Although, the above said, we don’t really talk about the Basilisk here in capacities beyond the lingering debate over whether it should have been censored and “oh look, another site’s making LessWrong sound like a Basilisk-worshipping death cult”.
I mean moreso: Consider a FAI so advanced that it decides to reward all beings who did not contribute to creating Roko’s Basilisk with eternal bliss, regardless of whether or not they knew of the potential existence of Roko’s Basilisk.
Why is Roko’s Basilisk any more or any less of a threat than the infinite other hypothetically possible scenarios that have infinite other (good and bad) outcomes? What’s so special about this one in particular that makes it non-negligible? Or to make anyone concerned about it in the slightest? (That is the part I’m missing. =\ )
Well, in the original formulation, Roko’s Basilisk is an FAI that decided the good from bringing an FAI into the world a few days earlier (saving ~150,000 lives per day eralier it gets here) outweighs the bad from making the threats, so there’s no reason it shouldn’t want you to aid FAI projects that promise not to make a Basilisk, just as long as you do something instead of sitting around, so there’s no inconsistency and now there’s more than one being trying to acausally motivate you into working yourself to the bone for something that most people think is crazy.

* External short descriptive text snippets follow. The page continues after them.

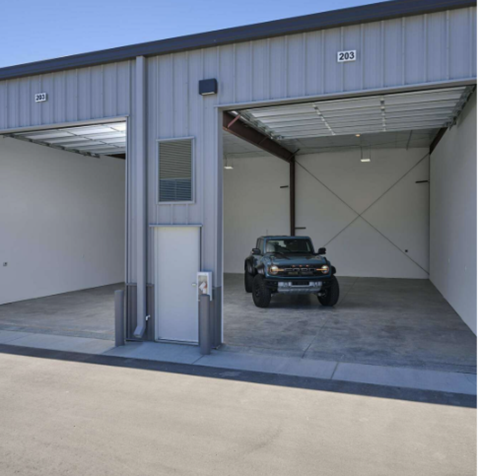 A black jeep is parked in a garage with a white door.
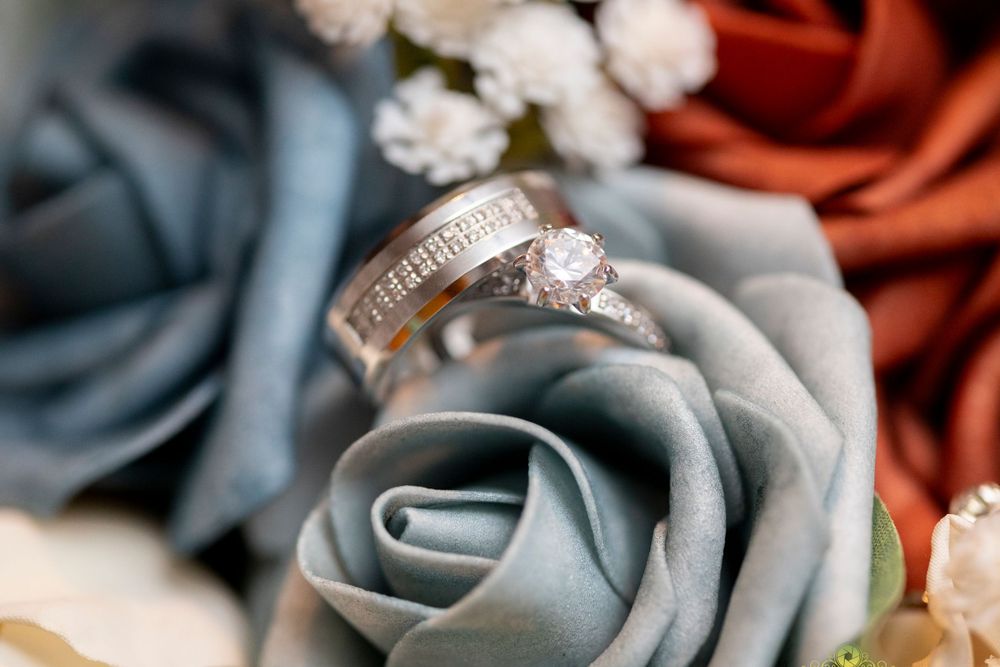 Wedding rings nestled among silk roses in shades of blue and red.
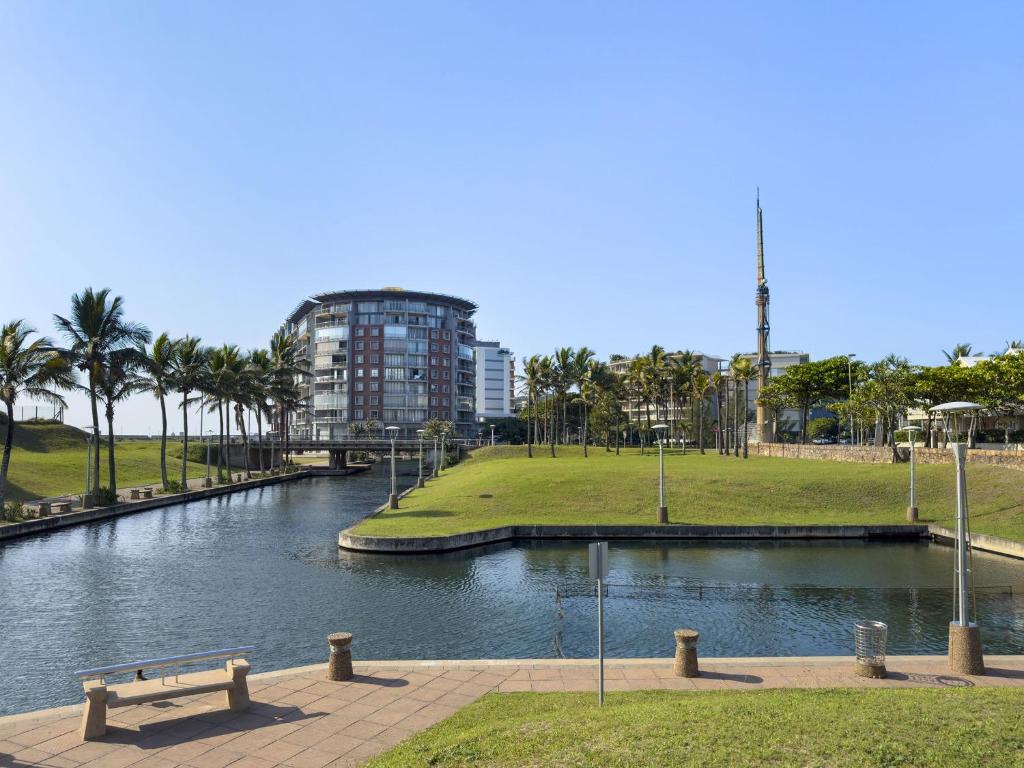 a river in a park with a building in the background at Beach Haven Townhouse in Durban
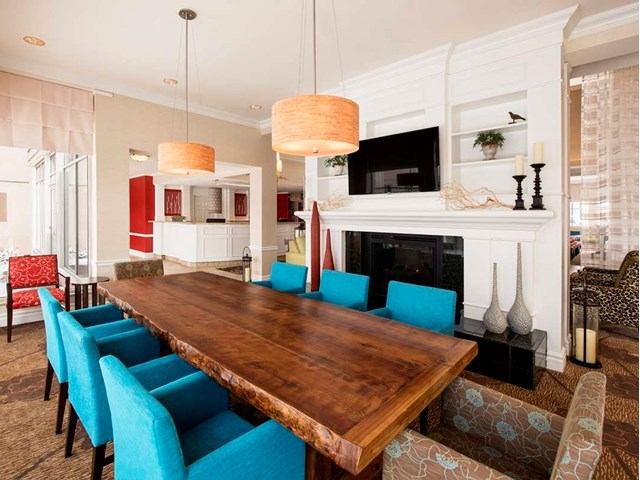 Modern Hilton Garden Inn lounge with wood table, blue chairs, and fireplace.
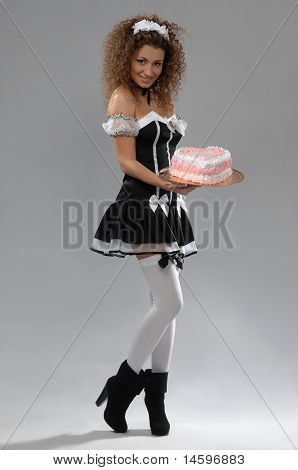 Woman Waiter Holding A Tray Of Cake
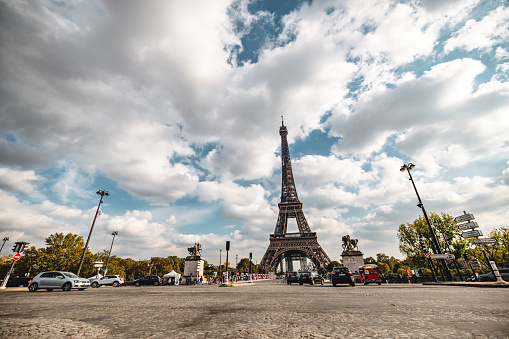 Wide shot of the iconic Eiffel Tower in Paris, France, with tourists and vehicles on a partly cloudy day.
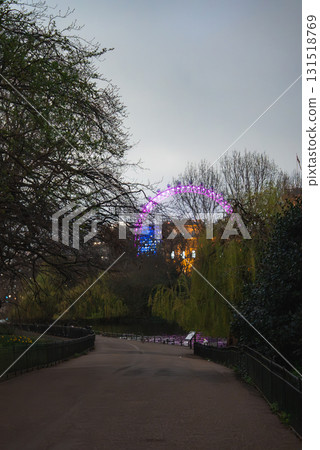 A tranquil park pathway in London bordered by trees and greenery, with the London Eye glowing in purple and blue against a dim evening sky. A tranquil park pathway in London bordered by trees and greenery, with the London Eye glowing in purple and blue against a dim evening sky. 131518769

More generally, we have more than zero information about future AI, because they will be built by humans if they are built at all. Additionally, we know even more if we rule out certain categories, such as the archetypal “paperclip maximiser”. There’s room for a lot of speculation and uncertainty, but far from enough room to assume complete agnosticism and that for every AI that wants one thing from us there’s an equal and opposite AI that wants the opposite.
Why is Roko’s Basilisk any more or any less of a threat than the infinite other hypothetically possible scenarios that have infinite other (good and bad) outcomes?
The idea is that an FAI build on timeless decision theory might automatically behave that way. There’s also Eliezer’s conjecture that any working FAI has to be build on timeless decision theory.
I think I can save the Basilisk from this objection.
As most people on LW know, there are scenarios where doing X under condition Y is useless or actively harmful to yourself, yet precommitting to do X can be beneficial because the average over all possible worlds is better. This trades off the possible worlds where you are better off because others know you are a X-doing kind of guy, against the worlds where you are worse off because the precommitment actually forces you to do X to your detriment.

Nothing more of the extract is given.